**INSTRUCTIONS TO FOLLOW**
The material below holds pictures, which are to be left out; copy exactly the lines from the one with "George Washington In" through the one with "Converse Logo刺绣针织连帽宽松卫衣 女款".

(MATERIAL SHOWN Opens)

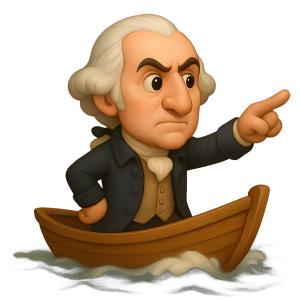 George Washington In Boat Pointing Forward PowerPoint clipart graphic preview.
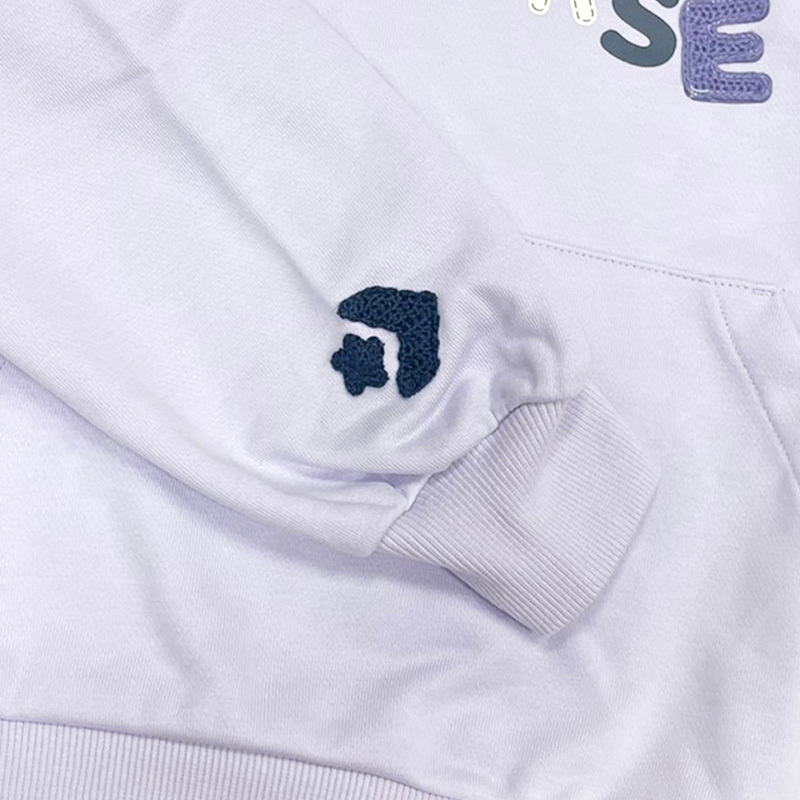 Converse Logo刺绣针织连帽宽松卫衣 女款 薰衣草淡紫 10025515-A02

(MATERIAL SHOWN Closes)
(MATERIAL SHOWN Opens)

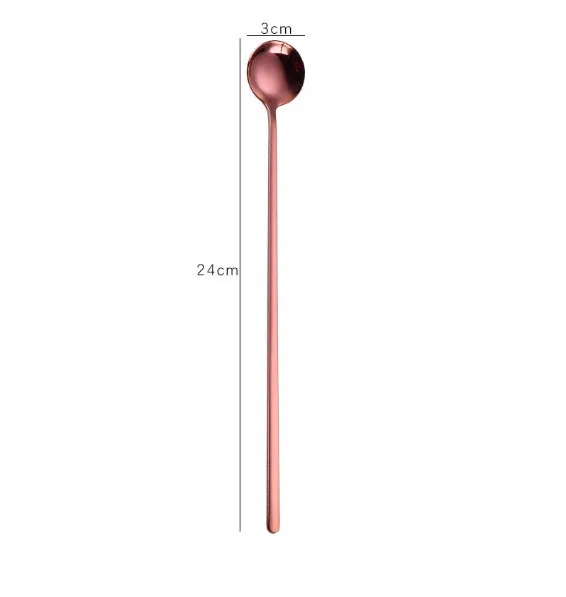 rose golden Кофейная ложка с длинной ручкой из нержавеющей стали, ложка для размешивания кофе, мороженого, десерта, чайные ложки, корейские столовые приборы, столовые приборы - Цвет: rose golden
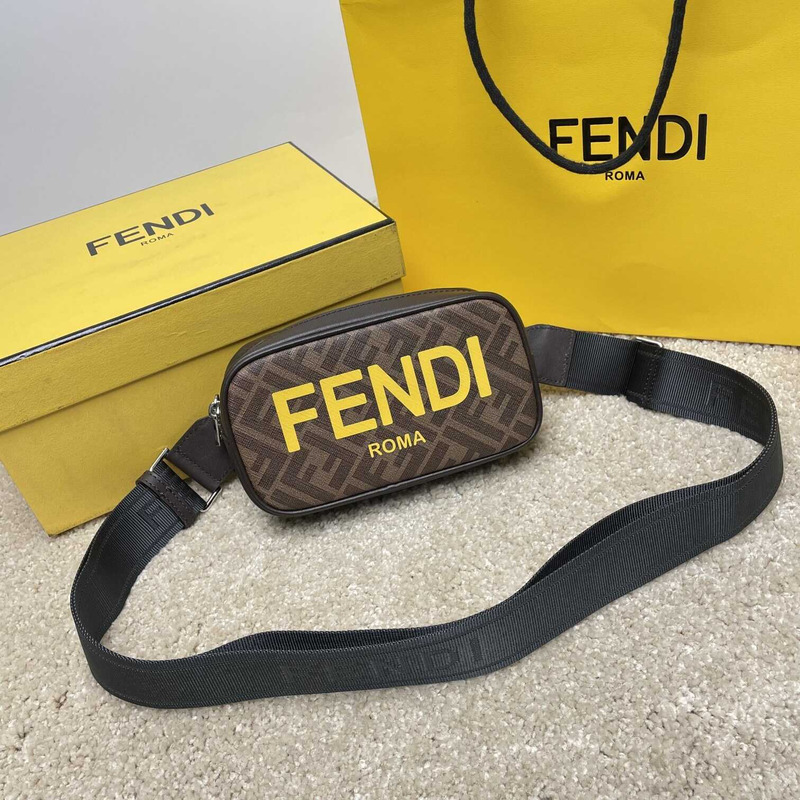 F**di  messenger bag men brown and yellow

(MATERIAL SHOWN Closes)
(MATERIAL SHOWN Opens)

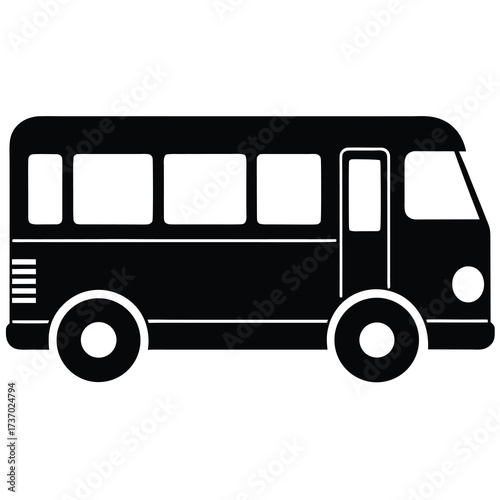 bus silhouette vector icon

(MATERIAL SHOWN Closes)

**TASK RESULT**
 George Washington In Boat Pointing Forward PowerPoint clipart graphic preview.
 Converse Logo刺绣针织连帽宽松卫衣 女款 薰衣草淡紫 10025515-A02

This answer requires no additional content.